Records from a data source
####################

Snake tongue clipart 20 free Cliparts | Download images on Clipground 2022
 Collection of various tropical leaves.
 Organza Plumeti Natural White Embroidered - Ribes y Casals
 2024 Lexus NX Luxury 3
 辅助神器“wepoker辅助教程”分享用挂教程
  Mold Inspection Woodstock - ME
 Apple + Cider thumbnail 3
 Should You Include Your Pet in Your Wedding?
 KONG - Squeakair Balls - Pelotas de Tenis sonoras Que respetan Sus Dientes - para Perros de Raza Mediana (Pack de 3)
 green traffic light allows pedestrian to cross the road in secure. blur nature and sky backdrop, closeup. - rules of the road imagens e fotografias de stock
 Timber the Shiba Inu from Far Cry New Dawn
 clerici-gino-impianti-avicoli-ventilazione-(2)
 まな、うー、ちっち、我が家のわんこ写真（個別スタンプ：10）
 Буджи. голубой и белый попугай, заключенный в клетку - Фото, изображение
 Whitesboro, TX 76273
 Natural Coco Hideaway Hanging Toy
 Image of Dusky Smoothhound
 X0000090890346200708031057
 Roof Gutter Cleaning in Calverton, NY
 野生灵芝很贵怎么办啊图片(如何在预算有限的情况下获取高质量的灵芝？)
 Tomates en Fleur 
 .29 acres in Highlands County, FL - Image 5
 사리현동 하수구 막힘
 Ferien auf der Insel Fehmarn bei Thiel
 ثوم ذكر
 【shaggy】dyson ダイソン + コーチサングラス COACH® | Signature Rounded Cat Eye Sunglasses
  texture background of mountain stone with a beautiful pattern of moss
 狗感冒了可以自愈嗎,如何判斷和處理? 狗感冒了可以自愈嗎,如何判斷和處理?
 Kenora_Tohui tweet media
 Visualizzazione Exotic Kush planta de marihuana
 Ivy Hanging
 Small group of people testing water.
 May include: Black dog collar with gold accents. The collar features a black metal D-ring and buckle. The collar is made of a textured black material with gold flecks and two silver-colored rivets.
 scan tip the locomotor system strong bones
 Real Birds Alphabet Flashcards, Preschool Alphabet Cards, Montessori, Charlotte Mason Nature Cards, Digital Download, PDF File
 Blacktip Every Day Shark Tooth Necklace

####################

WHAT YOU WILL DO
Top to bottom, transcribe every line above exactly.

ANSWER TO THIS TASK
Snake tongue clipart 20 free Cliparts | Download images on Clipground 2022
 Collection of various tropical leaves.
 Organza Plumeti Natural White Embroidered - Ribes y Casals
 2024 Lexus NX Luxury 3
 辅助神器“wepoker辅助教程”分享用挂教程
  Mold Inspection Woodstock - ME
 Apple + Cider thumbnail 3
 Should You Include Your Pet in Your Wedding?
 KONG - Squeakair Balls - Pelotas de Tenis sonoras Que respetan Sus Dientes - para Perros de Raza Mediana (Pack de 3)
 green traffic light allows pedestrian to cross the road in secure. blur nature and sky backdrop, closeup. - rules of the road imagens e fotografias de stock
 Timber the Shiba Inu from Far Cry New Dawn
 clerici-gino-impianti-avicoli-ventilazione-(2)
 まな、うー、ちっち、我が家のわんこ写真（個別スタンプ：10）
 Буджи. голубой и белый попугай, заключенный в клетку - Фото, изображение
 Whitesboro, TX 76273
 Natural Coco Hideaway Hanging Toy
 Image of Dusky Smoothhound
 X0000090890346200708031057
 Roof Gutter Cleaning in Calverton, NY
 野生灵芝很贵怎么办啊图片(如何在预算有限的情况下获取高质量的灵芝？)
 Tomates en Fleur 
 .29 acres in Highlands County, FL - Image 5
 사리현동 하수구 막힘
 Ferien auf der Insel Fehmarn bei Thiel
 ثوم ذكر
 【shaggy】dyson ダイソン + コーチサングラス COACH® | Signature Rounded Cat Eye Sunglasses
  texture background of mountain stone with a beautiful pattern of moss
 狗感冒了可以自愈嗎,如何判斷和處理? 狗感冒了可以自愈嗎,如何判斷和處理?
 Kenora_Tohui tweet media
 Visualizzazione Exotic Kush planta de marihuana
 Ivy Hanging
 Small group of people testing water.
 May include: Black dog collar with gold accents. The collar features a black metal D-ring and buckle. The collar is made of a textured black material with gold flecks and two silver-colored rivets.
 scan tip the locomotor system strong bones
 Real Birds Alphabet Flashcards, Preschool Alphabet Cards, Montessori, Charlotte Mason Nature Cards, Digital Download, PDF File
 Blacktip Every Day Shark Tooth Necklace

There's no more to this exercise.